By Rabbi Chaim Hillel Raskin, Rov of Anash in Petach Tikvah.
While on Purim there is a mitzva to have a festive meal commemorating the miracle, on Chanuka the obligation is to express our thanks to Hashem by reciting hallel and v’al hanisim, not with a meal. The reason for the difference is that by Purim the decree was on our physical existence, thus we celebrate with a physical feast, but by Chanuka the decree was aimed against our spiritual wellbeing, thus we celebrate in a more spiritual way.

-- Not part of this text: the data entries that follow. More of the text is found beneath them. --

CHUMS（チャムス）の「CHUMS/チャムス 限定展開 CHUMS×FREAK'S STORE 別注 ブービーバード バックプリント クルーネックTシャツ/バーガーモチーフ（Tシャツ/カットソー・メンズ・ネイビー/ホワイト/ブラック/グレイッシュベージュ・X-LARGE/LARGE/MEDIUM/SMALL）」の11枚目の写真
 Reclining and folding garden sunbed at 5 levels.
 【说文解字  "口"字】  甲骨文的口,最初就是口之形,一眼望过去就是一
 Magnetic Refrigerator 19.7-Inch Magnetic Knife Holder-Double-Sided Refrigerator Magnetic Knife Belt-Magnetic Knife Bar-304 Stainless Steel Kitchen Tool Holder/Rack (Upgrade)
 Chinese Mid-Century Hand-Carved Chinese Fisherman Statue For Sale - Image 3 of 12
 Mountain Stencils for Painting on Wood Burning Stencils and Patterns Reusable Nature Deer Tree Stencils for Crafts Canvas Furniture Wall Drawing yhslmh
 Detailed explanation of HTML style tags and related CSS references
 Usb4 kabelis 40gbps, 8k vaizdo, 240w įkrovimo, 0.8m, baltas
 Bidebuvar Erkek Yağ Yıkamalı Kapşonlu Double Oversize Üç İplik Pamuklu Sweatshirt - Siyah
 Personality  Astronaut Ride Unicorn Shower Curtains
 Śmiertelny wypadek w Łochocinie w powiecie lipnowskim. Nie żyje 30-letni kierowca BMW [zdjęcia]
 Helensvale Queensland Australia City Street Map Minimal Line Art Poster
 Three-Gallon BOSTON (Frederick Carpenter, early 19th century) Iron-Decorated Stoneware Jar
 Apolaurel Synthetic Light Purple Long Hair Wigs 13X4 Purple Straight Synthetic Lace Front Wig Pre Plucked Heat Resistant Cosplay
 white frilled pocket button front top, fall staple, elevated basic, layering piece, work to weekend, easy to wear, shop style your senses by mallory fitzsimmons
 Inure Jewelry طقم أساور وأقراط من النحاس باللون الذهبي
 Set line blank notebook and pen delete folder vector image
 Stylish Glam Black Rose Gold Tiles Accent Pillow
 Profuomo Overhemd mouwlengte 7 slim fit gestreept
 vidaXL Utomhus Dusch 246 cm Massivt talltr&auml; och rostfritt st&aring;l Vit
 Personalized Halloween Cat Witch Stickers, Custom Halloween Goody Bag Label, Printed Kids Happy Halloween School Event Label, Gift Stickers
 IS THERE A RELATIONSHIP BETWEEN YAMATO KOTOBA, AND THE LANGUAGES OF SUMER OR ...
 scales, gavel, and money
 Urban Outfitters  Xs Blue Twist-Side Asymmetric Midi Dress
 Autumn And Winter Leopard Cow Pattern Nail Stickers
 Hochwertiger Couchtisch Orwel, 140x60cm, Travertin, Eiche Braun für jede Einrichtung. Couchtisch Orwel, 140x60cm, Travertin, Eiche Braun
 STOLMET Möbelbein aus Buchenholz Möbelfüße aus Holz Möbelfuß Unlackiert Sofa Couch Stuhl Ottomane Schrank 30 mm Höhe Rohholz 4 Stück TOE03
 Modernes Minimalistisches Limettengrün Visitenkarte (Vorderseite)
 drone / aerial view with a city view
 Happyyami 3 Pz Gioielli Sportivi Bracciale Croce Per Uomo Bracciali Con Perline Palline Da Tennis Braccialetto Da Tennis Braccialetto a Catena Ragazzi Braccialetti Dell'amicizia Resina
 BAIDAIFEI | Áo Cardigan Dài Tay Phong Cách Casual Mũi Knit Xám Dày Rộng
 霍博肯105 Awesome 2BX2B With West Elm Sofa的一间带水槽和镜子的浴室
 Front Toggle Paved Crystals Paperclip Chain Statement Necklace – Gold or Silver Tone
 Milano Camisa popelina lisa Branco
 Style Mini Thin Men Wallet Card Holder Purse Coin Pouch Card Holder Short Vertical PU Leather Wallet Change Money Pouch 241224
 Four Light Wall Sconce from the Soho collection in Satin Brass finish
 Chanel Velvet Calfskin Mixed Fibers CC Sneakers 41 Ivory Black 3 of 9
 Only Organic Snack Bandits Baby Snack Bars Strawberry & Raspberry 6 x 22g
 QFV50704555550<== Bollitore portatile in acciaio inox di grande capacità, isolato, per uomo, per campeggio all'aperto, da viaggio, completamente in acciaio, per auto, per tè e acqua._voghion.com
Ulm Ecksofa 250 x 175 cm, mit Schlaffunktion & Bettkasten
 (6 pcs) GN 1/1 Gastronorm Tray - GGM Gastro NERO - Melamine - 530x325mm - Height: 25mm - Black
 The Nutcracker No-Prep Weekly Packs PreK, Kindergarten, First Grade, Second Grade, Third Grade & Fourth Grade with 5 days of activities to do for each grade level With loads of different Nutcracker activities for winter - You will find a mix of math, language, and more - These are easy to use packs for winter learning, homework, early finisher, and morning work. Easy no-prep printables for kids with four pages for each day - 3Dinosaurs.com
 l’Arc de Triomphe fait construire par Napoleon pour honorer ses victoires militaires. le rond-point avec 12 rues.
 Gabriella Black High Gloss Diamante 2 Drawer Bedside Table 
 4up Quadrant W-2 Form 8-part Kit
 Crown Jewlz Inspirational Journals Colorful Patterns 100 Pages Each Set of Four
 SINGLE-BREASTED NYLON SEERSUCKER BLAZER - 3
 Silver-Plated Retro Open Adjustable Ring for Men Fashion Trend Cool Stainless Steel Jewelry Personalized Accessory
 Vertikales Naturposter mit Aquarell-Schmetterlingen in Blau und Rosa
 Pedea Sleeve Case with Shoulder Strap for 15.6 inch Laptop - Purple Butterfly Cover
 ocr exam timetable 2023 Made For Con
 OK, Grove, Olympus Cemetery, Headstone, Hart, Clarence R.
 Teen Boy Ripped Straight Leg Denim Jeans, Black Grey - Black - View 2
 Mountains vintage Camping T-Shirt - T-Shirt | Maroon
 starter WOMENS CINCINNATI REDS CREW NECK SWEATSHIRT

Although Shulchan deems festive Chanuka feasts “optional,” the Rama records the custom to hold seudos since they commemorate the rededication of the mizbeiach and are therefore somewhat of a mitzva. By singing songs of praise to Hashem—or discussing Torah thoughts—at the meal, it is certainly a seudas mitzva. Poskim emphasize that the festivity should be centered around Torah and not a vain party or card game.
The Rambam’s view, however, is that the days of Chanuka are “yemei simcha,” and the festive meals held during Chanuka are full-fledged seudos mitzva. The Rebbe said that just as by neiros Chanuka we perform the mitzva in the best way—“mehadrin min hamhadrin”—we should also be mehader to fulfill the Rambam’s opinion regarding feasts. Furthermore, being voluntary they express a greater level of joy, (like the joy of hakafos which is a custom). They also demonstrate how we can infuse holiness into a mundane thing like a meal.
Which night should one choose to hold a Chanuka celebration?
Some poskim write that it is praiseworthy to hold these seudos every day of Chanuka. Some write that it is especially auspicious to make one on Rosh Chodesh Teves, and others prefer the last day, Zos Chanuka.
It is customary to eat milchig foods at a Chanuka feast in commemoration of the miracle of Yehudis who fed dairy to the Greek general and slew him. Additionally, the overturning of the Greeks’ scheme to make the Jews forget the Torah is comparable to Matan Torah which we also commemorate with dairy foods.
Since the meal is not obligatory, one doesn’t repeat bentching if they forget v’al hanisim. Yet, it should be added as a “harachaman” at the end as indicated in the siddur.